There are more than 30 million small businesses in the U.S., many of which are struggling to stay afloat amid forced closures and are still hoping to receive financial relief from the government. According to a recent survey by Goldman Sachs, 71% of Paycheck Protection Program applicants are still waiting for loans and 64% don’t have enough cash to survive the next three months. As of April 19, more than 175,000 businesses have shut down—temporarily or permanently—with closure rates rising 200% or more in hard-hit metropolitan cities like Los Angeles, New York, and Chicago, according to Yelp’s Q1 Economic Average report.

Employees of these businesses are disproportionately affected, with 74% and 70% reporting not having access to paid sick leave and paid time off, according to Facebook’s survey. For hotel, cafe and restaurant employees, those figures are over 90%.

Facebook, which relies heavily on small businesses for advertising revenue, was among the first major tech companies to provide much-needed aid. On March 17, the company announced $100 million in grants for small businesses, the majority of which will be distributed in cash, with some ad credits for business services. Of those funds, $40 million will be distributed across 34 American cities, with 50% being reserved for women, minority and veteran-owned businesses. The other $60 million will be distributed to small business owners throughout the world. In addition to financial assistance, the company also rolled out various product offerings including digital gift cardsfundraisers and easier ways for businesses to communicate service changes to their customers. 

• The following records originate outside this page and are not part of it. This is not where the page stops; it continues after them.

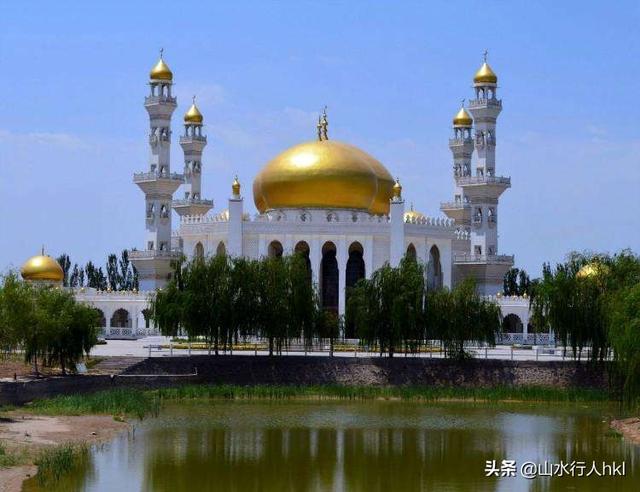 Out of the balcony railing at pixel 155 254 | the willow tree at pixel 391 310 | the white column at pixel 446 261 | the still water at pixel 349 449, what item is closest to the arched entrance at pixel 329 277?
the white column at pixel 446 261

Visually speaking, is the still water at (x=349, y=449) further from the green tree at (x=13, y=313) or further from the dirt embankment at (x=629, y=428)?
the green tree at (x=13, y=313)

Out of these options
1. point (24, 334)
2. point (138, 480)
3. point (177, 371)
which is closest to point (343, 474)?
point (138, 480)

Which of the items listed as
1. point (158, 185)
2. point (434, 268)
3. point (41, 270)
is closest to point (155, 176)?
point (158, 185)

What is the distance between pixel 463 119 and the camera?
7381cm

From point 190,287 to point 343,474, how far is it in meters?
21.2

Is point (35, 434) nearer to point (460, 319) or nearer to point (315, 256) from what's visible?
point (460, 319)

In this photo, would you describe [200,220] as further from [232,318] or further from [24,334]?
[24,334]

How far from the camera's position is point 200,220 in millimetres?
65000

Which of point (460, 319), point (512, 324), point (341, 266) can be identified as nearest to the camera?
point (460, 319)

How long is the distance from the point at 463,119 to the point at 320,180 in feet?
44.3

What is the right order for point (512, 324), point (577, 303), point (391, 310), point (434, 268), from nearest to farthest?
point (577, 303) → point (391, 310) → point (434, 268) → point (512, 324)

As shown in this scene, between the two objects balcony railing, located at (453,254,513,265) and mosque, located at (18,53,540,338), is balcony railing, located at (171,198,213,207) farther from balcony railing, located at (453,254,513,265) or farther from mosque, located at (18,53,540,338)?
balcony railing, located at (453,254,513,265)

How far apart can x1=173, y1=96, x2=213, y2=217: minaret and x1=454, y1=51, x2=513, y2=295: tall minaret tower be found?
14.1m

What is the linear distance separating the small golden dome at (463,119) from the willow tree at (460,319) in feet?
89.6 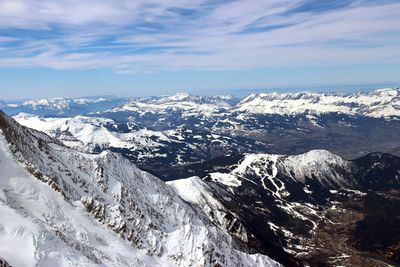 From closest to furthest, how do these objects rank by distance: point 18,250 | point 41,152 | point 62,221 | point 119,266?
point 18,250 < point 119,266 < point 62,221 < point 41,152

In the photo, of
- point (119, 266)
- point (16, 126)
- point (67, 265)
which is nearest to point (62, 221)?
point (119, 266)

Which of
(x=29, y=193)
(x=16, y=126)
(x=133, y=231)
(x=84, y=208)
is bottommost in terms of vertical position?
(x=133, y=231)

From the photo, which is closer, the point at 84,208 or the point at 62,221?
the point at 62,221

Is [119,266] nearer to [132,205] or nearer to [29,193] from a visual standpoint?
[29,193]

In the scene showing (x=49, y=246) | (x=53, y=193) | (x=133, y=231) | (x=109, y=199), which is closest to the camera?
(x=49, y=246)

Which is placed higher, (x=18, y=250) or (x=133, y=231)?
(x=18, y=250)

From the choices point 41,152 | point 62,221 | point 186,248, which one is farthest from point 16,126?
point 186,248

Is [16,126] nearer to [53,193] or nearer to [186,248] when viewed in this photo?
[53,193] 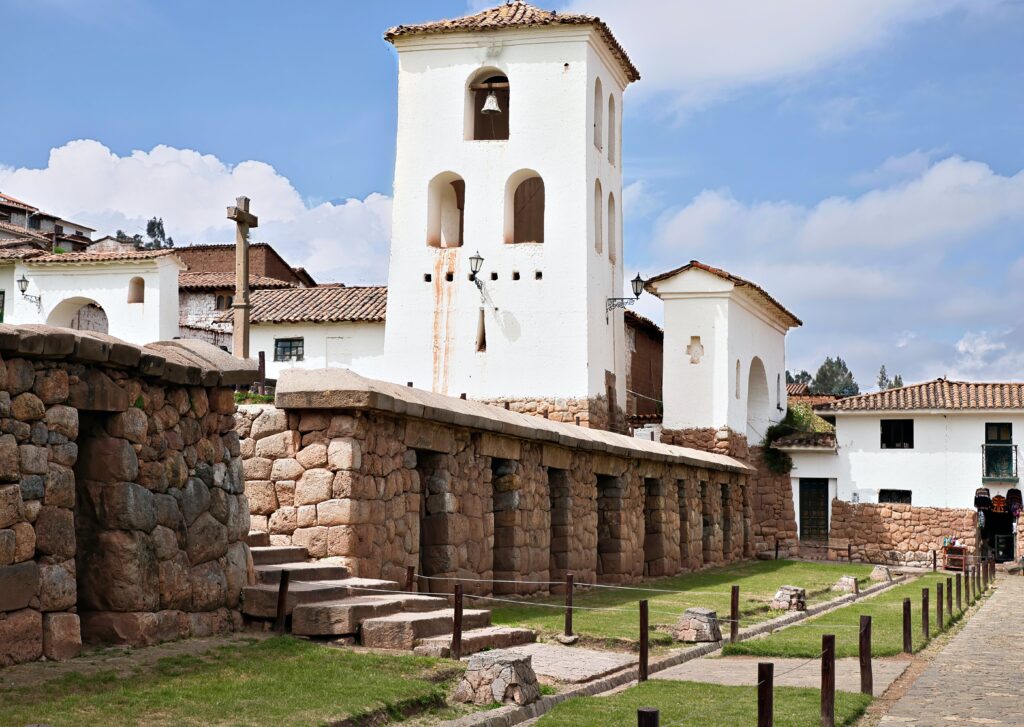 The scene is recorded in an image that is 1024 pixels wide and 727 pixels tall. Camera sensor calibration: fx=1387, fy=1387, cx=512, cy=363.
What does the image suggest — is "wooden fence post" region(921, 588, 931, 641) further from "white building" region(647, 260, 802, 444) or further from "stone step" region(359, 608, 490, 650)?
"white building" region(647, 260, 802, 444)

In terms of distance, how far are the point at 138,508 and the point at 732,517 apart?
23.9 metres

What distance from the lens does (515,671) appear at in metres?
9.38

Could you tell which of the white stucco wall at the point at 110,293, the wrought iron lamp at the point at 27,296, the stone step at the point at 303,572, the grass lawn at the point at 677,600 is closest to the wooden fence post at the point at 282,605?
the stone step at the point at 303,572

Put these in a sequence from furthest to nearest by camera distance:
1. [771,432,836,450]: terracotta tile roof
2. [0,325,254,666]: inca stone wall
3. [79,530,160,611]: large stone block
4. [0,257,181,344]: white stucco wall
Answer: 1. [0,257,181,344]: white stucco wall
2. [771,432,836,450]: terracotta tile roof
3. [79,530,160,611]: large stone block
4. [0,325,254,666]: inca stone wall

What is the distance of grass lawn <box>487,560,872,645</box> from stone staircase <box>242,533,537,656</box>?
54.3 inches

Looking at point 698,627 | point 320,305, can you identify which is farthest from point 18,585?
point 320,305

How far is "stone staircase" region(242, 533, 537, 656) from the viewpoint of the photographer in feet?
34.6

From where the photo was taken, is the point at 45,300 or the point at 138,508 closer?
the point at 138,508

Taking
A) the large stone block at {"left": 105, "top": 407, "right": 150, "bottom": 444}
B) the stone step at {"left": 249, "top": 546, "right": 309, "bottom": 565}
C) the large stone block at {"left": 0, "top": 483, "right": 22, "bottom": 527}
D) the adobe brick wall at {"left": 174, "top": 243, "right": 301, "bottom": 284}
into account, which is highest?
the adobe brick wall at {"left": 174, "top": 243, "right": 301, "bottom": 284}

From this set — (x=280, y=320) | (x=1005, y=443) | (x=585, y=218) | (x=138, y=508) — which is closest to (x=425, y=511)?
(x=138, y=508)

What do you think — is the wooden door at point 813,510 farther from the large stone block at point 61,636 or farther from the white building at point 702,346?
the large stone block at point 61,636

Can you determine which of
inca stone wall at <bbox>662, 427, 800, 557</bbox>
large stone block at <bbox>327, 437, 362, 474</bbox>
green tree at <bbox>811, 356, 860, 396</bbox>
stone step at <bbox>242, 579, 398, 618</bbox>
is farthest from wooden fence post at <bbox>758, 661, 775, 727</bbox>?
green tree at <bbox>811, 356, 860, 396</bbox>

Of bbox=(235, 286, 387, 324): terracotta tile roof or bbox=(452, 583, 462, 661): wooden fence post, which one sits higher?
bbox=(235, 286, 387, 324): terracotta tile roof

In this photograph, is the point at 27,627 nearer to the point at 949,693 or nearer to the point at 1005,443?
the point at 949,693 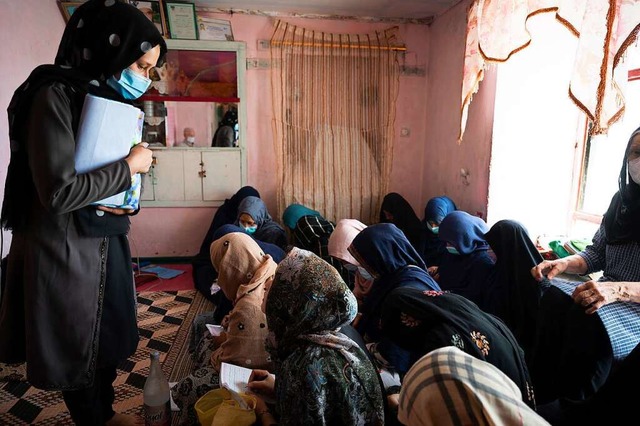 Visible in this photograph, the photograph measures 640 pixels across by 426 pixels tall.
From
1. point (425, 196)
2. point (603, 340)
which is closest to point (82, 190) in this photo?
point (603, 340)

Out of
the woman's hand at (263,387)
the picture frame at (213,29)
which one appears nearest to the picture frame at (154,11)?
the picture frame at (213,29)

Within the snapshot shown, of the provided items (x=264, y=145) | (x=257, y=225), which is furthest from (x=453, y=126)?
(x=257, y=225)

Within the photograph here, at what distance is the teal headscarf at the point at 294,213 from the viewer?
394 cm

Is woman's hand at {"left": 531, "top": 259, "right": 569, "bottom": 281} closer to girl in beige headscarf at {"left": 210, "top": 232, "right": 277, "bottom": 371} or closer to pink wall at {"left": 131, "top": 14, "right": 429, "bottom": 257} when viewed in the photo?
girl in beige headscarf at {"left": 210, "top": 232, "right": 277, "bottom": 371}

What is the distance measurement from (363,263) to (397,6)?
2827 mm

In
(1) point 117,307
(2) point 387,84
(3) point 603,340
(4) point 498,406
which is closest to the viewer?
(4) point 498,406

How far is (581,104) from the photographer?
200 centimetres

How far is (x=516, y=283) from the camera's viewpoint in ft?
6.90

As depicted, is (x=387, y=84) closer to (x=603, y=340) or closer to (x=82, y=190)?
(x=603, y=340)

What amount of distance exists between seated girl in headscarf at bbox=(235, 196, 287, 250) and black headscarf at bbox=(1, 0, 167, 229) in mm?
2396

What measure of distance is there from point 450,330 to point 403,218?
9.11 feet

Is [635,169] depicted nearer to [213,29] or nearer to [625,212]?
[625,212]

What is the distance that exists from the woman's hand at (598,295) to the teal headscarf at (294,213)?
8.54 ft

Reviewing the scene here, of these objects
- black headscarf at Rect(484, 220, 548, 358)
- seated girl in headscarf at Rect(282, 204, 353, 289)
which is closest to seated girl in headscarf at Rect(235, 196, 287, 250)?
seated girl in headscarf at Rect(282, 204, 353, 289) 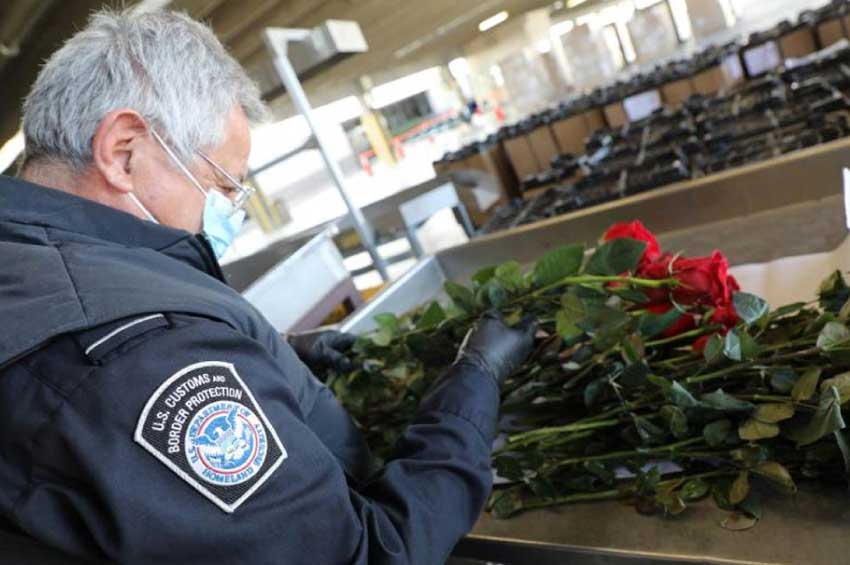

Small businesses are resilient, even during times of crisis. According to the report, 57% of businesses are optimistic or extremely optimistic about the future, with only 11% of operating businesses expecting to fail in the next three months, should current conditions persist. 

“The report raises awareness about the struggles small businesses face from the Covid-19 pandemic,” says Rhett Buttle, founder of Public Private Strategies and co-executive director of the Small Business Roundtable. “But small businesses have brought us out of previous economic downturns and they will do so again.”